RECORDS SHOWN below:

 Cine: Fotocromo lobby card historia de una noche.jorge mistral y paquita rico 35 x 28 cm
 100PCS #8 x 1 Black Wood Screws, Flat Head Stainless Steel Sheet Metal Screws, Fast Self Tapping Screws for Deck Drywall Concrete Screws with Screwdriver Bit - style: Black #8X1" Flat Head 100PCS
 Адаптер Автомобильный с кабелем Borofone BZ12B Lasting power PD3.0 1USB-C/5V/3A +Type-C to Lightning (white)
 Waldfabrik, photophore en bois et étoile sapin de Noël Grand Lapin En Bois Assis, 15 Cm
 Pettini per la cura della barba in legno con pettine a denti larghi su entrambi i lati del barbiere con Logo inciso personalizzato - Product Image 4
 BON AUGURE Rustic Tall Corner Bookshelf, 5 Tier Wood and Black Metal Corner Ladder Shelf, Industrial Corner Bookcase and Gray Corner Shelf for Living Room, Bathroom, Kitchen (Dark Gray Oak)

End of RECORDS SHOWN.
RECORDS SHOWN below:

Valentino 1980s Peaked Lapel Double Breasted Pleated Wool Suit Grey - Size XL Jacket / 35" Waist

End of RECORDS SHOWN.
RECORDS SHOWN below:

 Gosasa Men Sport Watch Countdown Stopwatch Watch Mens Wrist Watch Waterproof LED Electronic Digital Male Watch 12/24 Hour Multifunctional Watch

End of RECORDS SHOWN.

BRIEF -
All lines that hold the word "Wood" should be copied from the data.

SOLUTION TO THE PROBLEM -
 100PCS #8 x 1 Black Wood Screws, Flat Head Stainless Steel Sheet Metal Screws, Fast Self Tapping Screws for Deck Drywall Concrete Screws with Screwdriver Bit - style: Black #8X1" Flat Head 100PCS
 BON AUGURE Rustic Tall Corner Bookshelf, 5 Tier Wood and Black Metal Corner Ladder Shelf, Industrial Corner Bookcase and Gray Corner Shelf for Living Room, Bathroom, Kitchen (Dark Gray Oak)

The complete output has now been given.